On Apr 10, 2012, at 11:02 AM, Philip Tromans wrote:

> I think you want something more like:
> 
> SELECT t2.value - t1.value
> FROM mytable t1
> JOIN mytable t2 ON (t1.rownum = t2.rownum + 1 AND t2.partition=bar)
> WHERE t1.partition=foo;
> 
> This should be faster as partition selection will happen earlier.
> 
> This is still going to involve an awful lot of I/O, and not going to be fast.
> 
> Phil.
> 
> 
> On 10 April 2012 15:56, David Kulp <dk...@fiksu.com> wrote:
>> You have to explicitly request it in CREATE TABLE.  And you should generally 
>> let hive perform the clustering -- i.e. don't use an external table with 
>> data that is generated by some other process because it's hard to get the 
>> hash and notation right.
>> Check your table with "DESCRIBE FORMATTED tablename".
>> 
>> On Apr 10, 2012, at 10:51 AM, <karanveer.si...@barclays.com> 
>> <karanveer.si...@barclays.com> wrote:
>> 
>>> Thanks - I will check this out.
>>> 
>>> Meanwhile, would default clustering happen using rownum?
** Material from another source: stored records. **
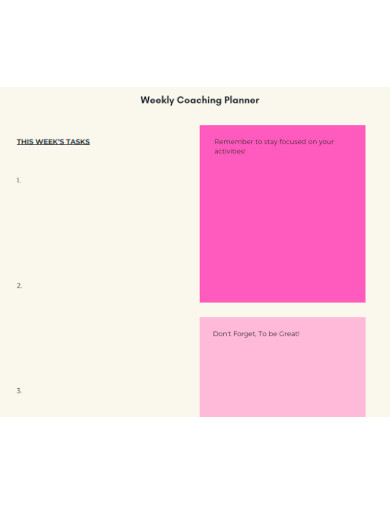 Weekly Coaching Planner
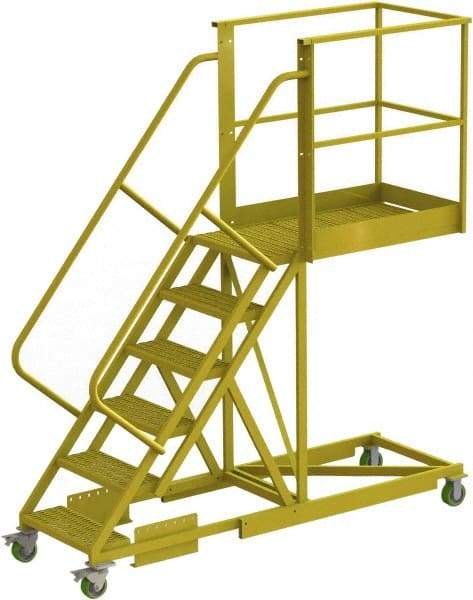 TRI-ARC - 102" 6 Step Configurable Cantilever Ladder - Supported, 300 Lb Capacity, 60" Platform Height, 30" Base Width x 92" Base Depth, Perforated Tread - Apex Tool & Supply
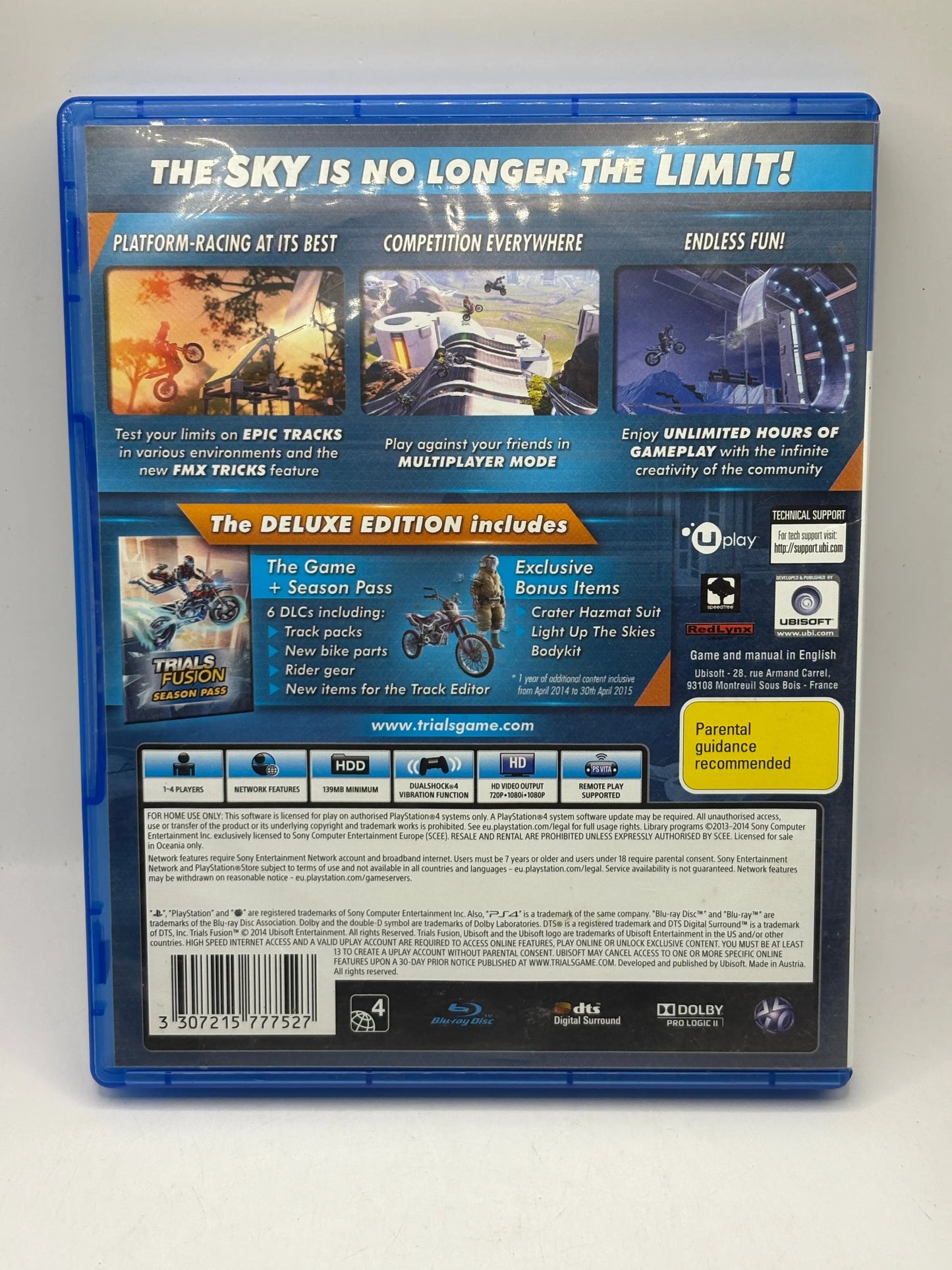 Sony Playstation 4 Trials Fusion Video Game FRENLY BRICKS - Open 7 Days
How can I check on 
>>> how is clustering happening in our environment?
>>> 
>>> Rgds
>>> 
>>> ----- Original Message -----
>>> From: David Kulp <dk...@fiksu.com>
>>> To: user@hive.apache.org <user@hive.apache.org>
>>> Sent: Tue Apr 10 15:45:25 2012
>>> Subject: Re: Lag function in Hive
>>> 
>>> New here.  Hello all.
>>> 
>>> Could you try a self-join, possibly also restricted to partitions?
>>> 
>>> E.g. SELECT t2.value - t1.value FROM mytable t1, mytable t2 WHERE t1.rownum 
>>> = t2.rownum+1 AND t1.partition=foo AND t2.partition=bar
>>> 
>>> If your data is clustered by rownum, then this join should, in theory, be 
>>> relatively fast -- especially if it makes sense to exploit partitions.
>>> 
>>> -d
>>> 
>>> On Apr 10, 2012, at 10:37 AM, <karanveer.si...@barclays.com> 
>>> <karanveer.si...@barclays.com> wrote:
>>> 
>>>> Makes sense but is not the distribution across nodes for a chunk of 
>>>> records in that order.
>>>> 
>>>> If Hive cannot help me do this, is there another way I can do this? I 
>>>> tried generating an identifier using the perl script invoked using Hive 
>>>> but it does not seem to work fine. While the stand alone script works 
>>>> fine, when the record is created in hive using std output from perl - I 
>>>> see 2 records for some of the unique identifiers. I explored the 
>>>> possibility of default data type changes but that does not solve the 
>>>> problem.
>>>> 
>>>> Regards,
>>>> Karan
>>>> 
>>>> 
>>>> -----Original Message-----
>>>> From: Philip Tromans [mailto:philip.j.trom...@gmail.com]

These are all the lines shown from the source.